To offset this, the Fed recently moved to a more state-contingent guidance, noting that the Fed would not consider raising rates while unemployment was above 6.5% and inflation was near 2%. Bernanke emphasised these were thresholds, not triggers, meaning that hitting the targets would not automatically cause rate increases but were a necessary level for rates to rise.
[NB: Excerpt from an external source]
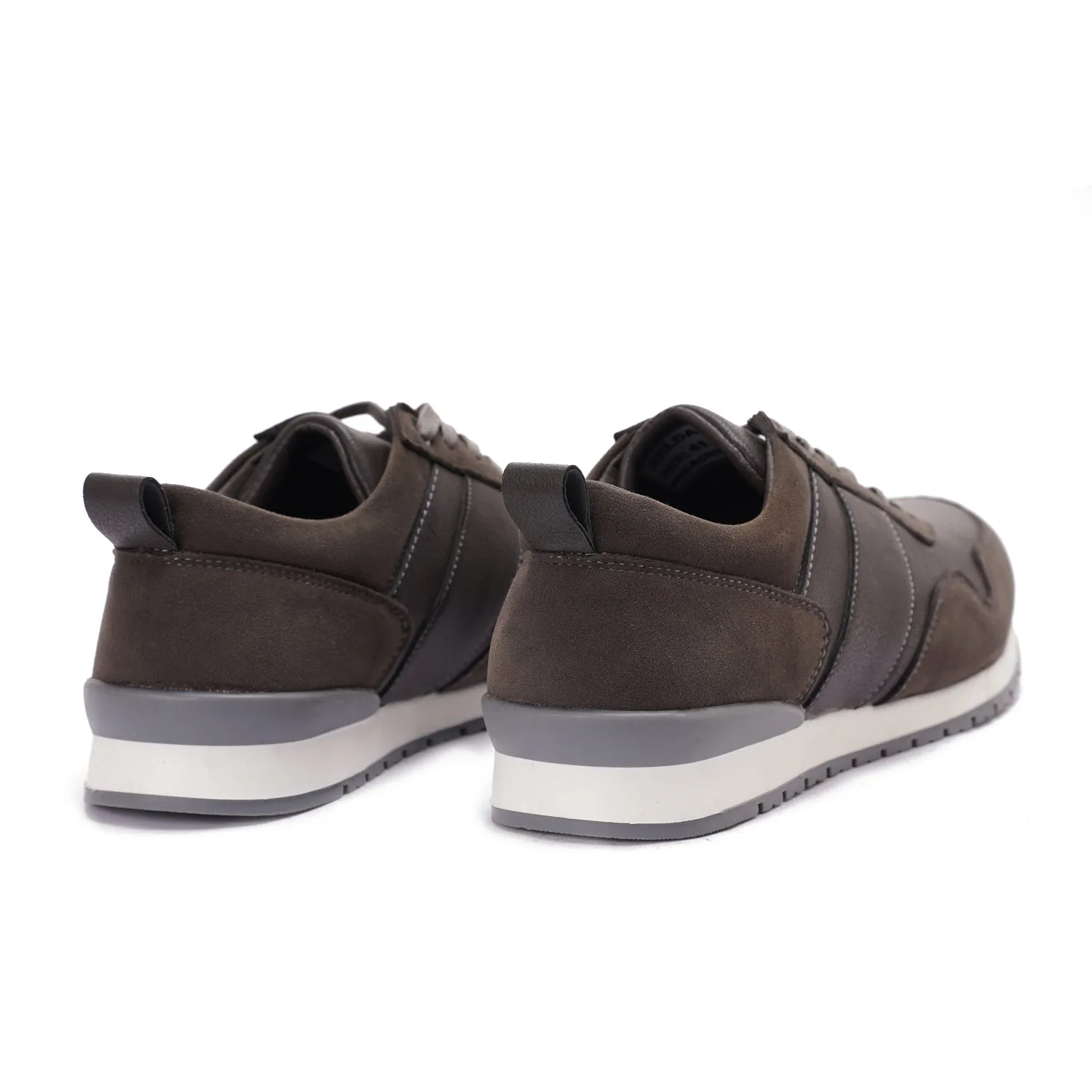 Low Top Laced Sneaker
Large Scale Asset Purchases (LSAPs)
The Fed also implemented a new, unconventional monetary policy tool that had the same goal of lowering long-term rates, but did so in a different manner. Instead of credibly informing the market that short-term rates would be low for a longer period of time, LSAPs reduced long-term rates by purchasing securities. This reduces the supply and drives up the value of them, lowering rates. Bernanke lays this dual strategy of forward guidance and LSAPs clearly in his speech:
[F]orward rate guidance affects longer-term interest rates primarily by influencing investors’ expectations of future short-term interest rates. LSAPs, in contrast, most directly affect term premiums… As both forward rate guidance and LSAPs affect longer-term interest rates, the use of these tools allows monetary policy to be effective even when short-term interest rates are close to zero
The FOMC also has attempted to credibly communicate to the market “the criteria that would inform future decisions about the program.” The goal of this was to keep market expectations in line with the Fed’s future plan of actions. To do this, Bernanke laid out the baseline state of the economy at which the Fed would begin to reduce its asset purchases. In June, the chairman said that if the market continued to improve at a moderate pace as it had been, then it would begin tapering later in the year and conclude its asset purchases in mid-2014.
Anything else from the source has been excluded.